30 agosto, 2005

Platón, Melquíades y el ogro

Estoy en uno de esos sitios en que van los niños a celebrar su cumpleaños, escribo en mi portátil; es un lugar ruidoso como pocos, donde poder concentrarse es más un acto de taumaturgia que de voluntad. Me enfrento a una nueva situación, desagradable y triste. Me pregunto si seré capaz de llevar esta vida por mucho tiempo; la perspectiva es mala. Creo que me llevaré un niño a casa, para ocupar el hueco que dejó Platón.
Estar solo nuevamente se me antoja más penoso que cuando no tenía a Platón y sin embargo, muchas veces he demostrado poca paciencia con él y rehusado su compañía. Soy un tipo contradictorio y voluble, poco dotado para las demostraciones de afecto, y no consigo transmitir mas que un porcentaje reducido de mis emociones. En muchos casos, los demás creen percibir mi corazón cuando me fuerzo a mostrarles sentimientos fingidos. Tahur de la ternura por generosidad o interés, reservo para unos pocos mi verdadera esencia de desamor adquirido a golpe de fracasos. Es mi forma de querer, oscura y vacía, que hunde sus raíces en la pena de no ser quien me gustaría para aquellos que siento próximos.
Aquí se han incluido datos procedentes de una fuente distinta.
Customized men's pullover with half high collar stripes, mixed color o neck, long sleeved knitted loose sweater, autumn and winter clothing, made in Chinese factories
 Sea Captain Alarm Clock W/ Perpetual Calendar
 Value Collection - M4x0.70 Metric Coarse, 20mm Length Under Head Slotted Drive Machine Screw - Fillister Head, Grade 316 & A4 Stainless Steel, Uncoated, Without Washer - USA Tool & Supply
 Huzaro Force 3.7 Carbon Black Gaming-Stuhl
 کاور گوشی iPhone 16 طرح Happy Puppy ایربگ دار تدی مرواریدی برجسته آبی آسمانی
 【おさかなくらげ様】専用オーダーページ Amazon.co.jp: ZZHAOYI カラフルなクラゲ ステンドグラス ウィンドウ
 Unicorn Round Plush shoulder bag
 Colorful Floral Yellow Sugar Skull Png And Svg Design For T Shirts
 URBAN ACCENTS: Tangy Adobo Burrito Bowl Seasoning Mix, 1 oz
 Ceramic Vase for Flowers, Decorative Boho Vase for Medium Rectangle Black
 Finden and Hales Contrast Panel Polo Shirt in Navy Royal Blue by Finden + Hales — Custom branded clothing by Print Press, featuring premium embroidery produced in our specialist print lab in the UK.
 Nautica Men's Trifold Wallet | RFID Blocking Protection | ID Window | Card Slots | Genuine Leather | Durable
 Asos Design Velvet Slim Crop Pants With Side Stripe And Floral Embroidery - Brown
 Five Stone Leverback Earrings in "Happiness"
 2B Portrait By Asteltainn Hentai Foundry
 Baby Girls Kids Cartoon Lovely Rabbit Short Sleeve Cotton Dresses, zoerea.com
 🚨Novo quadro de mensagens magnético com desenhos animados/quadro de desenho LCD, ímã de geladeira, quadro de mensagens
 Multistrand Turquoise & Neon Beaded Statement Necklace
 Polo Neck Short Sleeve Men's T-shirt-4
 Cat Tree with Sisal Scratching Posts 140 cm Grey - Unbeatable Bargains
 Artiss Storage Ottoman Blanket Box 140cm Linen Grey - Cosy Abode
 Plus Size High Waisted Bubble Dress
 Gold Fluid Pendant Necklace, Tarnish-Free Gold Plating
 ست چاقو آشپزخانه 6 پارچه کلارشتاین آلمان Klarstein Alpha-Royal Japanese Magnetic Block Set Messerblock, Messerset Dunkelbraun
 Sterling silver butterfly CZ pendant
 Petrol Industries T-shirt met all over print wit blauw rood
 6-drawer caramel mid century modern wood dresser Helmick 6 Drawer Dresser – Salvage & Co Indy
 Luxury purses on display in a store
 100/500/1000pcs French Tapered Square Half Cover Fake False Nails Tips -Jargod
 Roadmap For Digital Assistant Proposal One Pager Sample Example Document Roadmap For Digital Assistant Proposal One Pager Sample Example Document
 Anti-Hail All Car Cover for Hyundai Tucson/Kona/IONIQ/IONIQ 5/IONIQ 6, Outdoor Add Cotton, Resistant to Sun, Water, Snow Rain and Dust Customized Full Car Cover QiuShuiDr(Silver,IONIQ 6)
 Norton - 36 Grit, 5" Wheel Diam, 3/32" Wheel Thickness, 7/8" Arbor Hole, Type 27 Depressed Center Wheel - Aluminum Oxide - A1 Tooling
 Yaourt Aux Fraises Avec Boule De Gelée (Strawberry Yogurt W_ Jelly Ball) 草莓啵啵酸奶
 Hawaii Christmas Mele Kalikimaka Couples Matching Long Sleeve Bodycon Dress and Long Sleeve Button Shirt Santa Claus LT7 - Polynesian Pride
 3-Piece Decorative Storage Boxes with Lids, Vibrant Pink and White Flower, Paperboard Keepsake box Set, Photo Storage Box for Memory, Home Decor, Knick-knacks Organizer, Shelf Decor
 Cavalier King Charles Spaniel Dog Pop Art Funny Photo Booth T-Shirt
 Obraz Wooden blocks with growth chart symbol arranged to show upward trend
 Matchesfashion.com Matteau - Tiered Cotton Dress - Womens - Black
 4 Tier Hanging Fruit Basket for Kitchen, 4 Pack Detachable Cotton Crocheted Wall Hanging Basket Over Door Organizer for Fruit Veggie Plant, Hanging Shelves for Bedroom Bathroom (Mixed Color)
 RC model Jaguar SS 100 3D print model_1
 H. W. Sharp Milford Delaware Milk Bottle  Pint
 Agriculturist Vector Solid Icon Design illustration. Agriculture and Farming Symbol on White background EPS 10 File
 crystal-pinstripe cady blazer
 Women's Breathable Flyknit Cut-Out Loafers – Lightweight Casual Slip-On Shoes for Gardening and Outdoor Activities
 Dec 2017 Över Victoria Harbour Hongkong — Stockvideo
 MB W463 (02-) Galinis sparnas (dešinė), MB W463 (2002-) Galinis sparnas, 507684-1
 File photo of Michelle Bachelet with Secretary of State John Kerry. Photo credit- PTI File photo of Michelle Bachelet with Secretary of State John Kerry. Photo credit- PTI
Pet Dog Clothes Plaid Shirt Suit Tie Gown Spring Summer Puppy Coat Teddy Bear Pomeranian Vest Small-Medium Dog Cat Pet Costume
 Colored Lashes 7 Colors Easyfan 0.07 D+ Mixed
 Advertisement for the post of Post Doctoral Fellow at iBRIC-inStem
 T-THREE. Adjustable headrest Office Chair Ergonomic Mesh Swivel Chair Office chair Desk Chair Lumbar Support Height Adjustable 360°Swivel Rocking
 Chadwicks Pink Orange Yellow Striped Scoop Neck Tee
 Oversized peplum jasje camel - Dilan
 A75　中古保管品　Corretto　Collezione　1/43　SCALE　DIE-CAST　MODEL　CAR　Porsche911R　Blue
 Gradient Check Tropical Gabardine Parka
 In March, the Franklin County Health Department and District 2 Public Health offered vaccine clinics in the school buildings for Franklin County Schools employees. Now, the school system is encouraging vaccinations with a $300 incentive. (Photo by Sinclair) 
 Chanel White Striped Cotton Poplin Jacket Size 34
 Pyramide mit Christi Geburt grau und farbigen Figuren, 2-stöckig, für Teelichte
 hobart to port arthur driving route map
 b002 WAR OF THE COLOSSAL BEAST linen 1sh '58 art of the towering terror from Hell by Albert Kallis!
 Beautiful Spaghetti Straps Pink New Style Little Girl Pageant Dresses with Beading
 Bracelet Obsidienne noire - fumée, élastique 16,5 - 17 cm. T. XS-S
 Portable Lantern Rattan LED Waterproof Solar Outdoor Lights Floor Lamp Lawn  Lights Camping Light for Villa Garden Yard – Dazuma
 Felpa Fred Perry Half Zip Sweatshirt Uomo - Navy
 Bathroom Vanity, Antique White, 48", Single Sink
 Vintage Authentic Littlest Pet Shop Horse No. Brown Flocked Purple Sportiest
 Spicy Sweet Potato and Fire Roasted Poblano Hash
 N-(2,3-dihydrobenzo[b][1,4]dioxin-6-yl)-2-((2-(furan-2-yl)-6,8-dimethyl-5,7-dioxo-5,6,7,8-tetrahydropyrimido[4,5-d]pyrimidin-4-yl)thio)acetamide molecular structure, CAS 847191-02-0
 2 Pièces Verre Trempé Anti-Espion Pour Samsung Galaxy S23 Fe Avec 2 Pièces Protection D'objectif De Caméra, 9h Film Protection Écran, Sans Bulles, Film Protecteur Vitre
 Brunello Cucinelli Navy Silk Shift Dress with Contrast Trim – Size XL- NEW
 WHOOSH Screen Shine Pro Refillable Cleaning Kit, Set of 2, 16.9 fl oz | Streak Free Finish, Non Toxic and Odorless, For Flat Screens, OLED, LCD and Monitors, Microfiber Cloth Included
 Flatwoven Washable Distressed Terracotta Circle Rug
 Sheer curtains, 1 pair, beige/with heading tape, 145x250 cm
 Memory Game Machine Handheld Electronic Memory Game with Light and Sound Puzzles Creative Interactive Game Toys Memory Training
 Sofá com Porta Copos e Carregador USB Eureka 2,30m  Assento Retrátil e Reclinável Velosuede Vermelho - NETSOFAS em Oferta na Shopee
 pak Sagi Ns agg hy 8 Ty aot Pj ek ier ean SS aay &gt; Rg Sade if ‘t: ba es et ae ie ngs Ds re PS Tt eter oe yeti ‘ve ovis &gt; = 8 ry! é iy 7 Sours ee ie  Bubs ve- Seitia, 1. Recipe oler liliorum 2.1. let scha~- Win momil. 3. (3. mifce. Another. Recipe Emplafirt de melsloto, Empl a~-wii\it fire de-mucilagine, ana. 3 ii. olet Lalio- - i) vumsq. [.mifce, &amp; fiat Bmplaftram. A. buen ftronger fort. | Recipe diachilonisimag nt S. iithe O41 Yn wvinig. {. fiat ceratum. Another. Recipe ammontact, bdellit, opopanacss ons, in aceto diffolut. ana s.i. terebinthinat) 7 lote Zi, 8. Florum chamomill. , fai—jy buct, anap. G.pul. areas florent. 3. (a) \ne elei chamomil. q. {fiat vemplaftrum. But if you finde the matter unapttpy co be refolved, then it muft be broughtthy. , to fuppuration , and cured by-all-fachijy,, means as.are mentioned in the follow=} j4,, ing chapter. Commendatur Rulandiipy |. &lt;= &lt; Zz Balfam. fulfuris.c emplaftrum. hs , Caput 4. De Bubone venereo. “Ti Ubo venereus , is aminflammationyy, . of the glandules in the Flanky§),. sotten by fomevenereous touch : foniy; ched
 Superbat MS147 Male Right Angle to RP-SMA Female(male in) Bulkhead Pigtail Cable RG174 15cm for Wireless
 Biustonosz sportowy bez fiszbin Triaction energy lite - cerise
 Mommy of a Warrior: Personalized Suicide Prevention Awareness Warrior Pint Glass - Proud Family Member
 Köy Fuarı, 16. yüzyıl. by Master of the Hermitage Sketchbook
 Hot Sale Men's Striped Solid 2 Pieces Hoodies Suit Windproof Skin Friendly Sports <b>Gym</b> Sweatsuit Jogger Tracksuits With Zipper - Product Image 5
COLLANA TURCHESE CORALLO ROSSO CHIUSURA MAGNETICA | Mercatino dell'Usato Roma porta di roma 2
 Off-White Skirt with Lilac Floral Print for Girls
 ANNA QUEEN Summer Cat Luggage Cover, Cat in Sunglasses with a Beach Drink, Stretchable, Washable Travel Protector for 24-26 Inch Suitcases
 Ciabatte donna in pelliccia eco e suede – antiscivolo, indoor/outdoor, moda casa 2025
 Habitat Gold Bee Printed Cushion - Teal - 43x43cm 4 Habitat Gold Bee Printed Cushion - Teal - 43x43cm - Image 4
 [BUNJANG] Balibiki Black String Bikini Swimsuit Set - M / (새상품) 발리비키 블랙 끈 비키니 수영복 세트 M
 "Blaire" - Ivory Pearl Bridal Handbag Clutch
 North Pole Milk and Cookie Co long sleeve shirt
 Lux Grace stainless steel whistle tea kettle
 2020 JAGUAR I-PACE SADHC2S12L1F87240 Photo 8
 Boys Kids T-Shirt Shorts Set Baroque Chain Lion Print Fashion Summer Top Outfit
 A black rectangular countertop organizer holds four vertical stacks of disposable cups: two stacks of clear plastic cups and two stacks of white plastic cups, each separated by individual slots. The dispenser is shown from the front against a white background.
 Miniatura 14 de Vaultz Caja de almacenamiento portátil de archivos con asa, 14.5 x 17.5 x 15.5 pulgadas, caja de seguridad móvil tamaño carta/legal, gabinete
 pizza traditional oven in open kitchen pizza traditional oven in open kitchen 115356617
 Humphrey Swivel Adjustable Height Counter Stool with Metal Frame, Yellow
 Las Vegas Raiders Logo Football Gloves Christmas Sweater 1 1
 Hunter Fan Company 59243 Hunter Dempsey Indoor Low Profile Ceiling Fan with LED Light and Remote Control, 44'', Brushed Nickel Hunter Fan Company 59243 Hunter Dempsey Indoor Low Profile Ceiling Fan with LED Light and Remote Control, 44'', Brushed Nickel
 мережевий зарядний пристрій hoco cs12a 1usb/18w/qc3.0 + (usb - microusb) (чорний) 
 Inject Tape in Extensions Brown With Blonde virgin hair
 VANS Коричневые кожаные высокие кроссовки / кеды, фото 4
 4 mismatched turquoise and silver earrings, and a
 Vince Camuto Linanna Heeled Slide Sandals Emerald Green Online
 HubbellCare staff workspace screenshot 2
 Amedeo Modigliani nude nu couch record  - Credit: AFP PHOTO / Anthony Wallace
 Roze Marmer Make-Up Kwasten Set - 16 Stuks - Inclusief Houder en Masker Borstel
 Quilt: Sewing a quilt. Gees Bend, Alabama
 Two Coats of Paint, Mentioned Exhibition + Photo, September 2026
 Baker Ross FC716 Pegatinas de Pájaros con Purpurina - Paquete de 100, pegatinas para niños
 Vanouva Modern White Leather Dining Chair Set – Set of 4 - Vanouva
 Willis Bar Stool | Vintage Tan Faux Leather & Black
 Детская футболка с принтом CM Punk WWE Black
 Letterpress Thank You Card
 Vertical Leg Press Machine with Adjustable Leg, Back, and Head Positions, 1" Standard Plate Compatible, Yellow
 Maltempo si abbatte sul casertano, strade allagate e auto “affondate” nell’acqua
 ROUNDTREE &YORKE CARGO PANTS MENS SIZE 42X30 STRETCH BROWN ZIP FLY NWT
La madre morena con la que incidentalmente entré a este sitio dijo que vendría su marido a buscar a Gaby, un niño que salta travieso entre las bolas de colores (no me gusta su nombre, mañana le llamaré de otra forma). Me escabullí fuera de la vista de los dueños del salón cuando la oí decir eso; no sé cómo puede mi mente ser tan ágil en momentos de tristeza como este. Si, hoy es un día aciago, he enterrado a mi perro Platón; mañana intentaré que Melquíades..sí, creo que le llamaré Melquíades, dé un poco de vida a la casa.